Start of Provided material

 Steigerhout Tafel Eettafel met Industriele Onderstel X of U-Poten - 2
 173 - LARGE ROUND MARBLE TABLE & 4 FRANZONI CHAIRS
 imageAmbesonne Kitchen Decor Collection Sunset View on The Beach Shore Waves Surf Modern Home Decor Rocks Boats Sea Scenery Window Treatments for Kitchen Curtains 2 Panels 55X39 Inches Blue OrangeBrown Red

End of Provided material
Start of Provided material

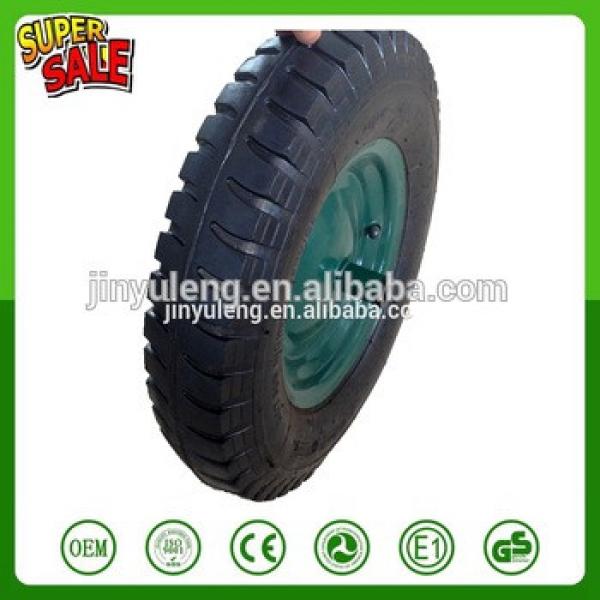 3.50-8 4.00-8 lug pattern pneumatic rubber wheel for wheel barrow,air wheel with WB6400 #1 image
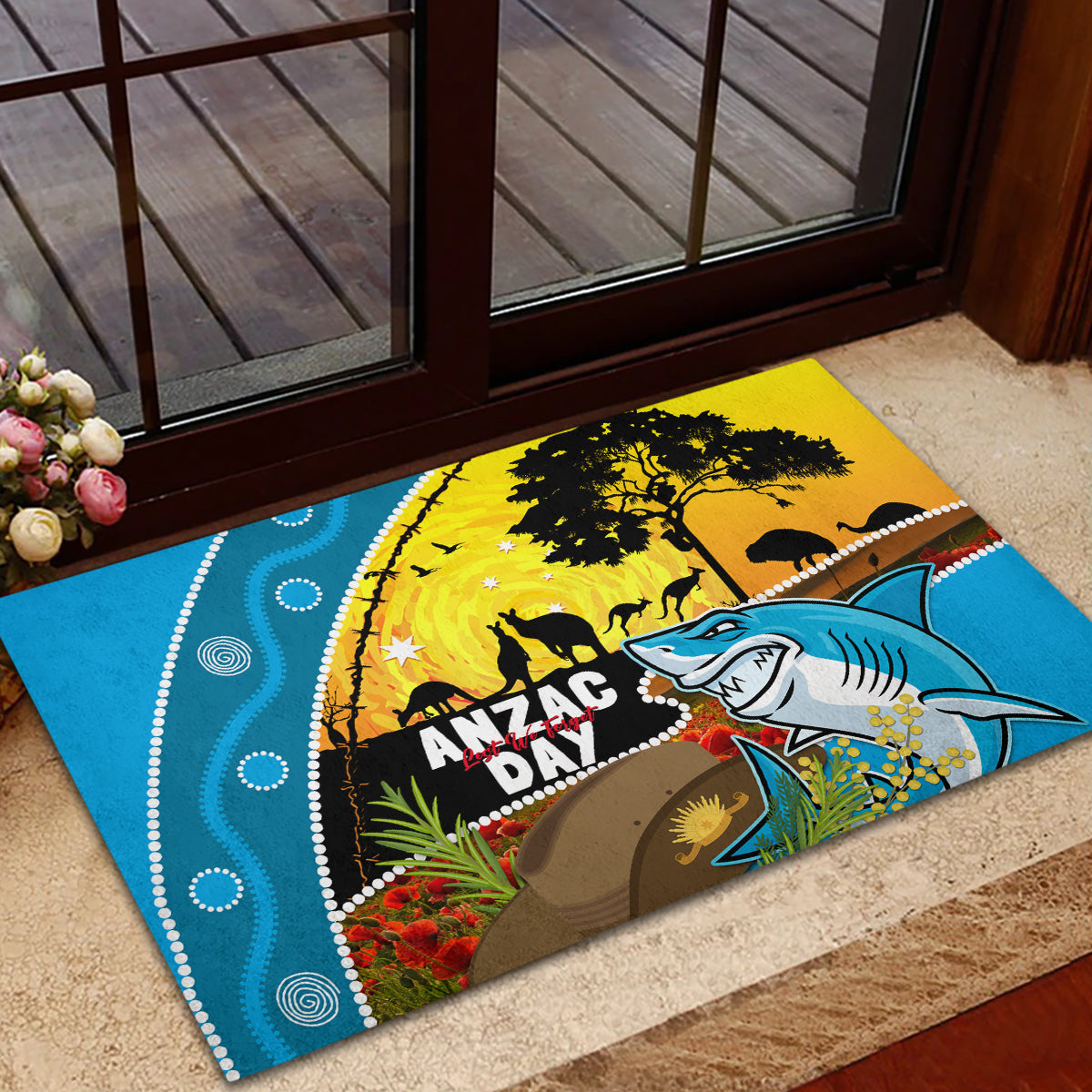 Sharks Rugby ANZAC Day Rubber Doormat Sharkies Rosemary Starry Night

End of Provided material

- What you will do -
Only one part of the material above is to be transcribed, namely the lines starting with the line that has "Steigerhout Tafel Eettafel" and going on through the line that has "imageAmbesonne Kitchen Decor", exactly as they stand.

- Task solution -
 Steigerhout Tafel Eettafel met Industriele Onderstel X of U-Poten - 2
 173 - LARGE ROUND MARBLE TABLE & 4 FRANZONI CHAIRS
 imageAmbesonne Kitchen Decor Collection Sunset View on The Beach Shore Waves Surf Modern Home Decor Rocks Boats Sea Scenery Window Treatments for Kitchen Curtains 2 Panels 55X39 Inches Blue OrangeBrown Red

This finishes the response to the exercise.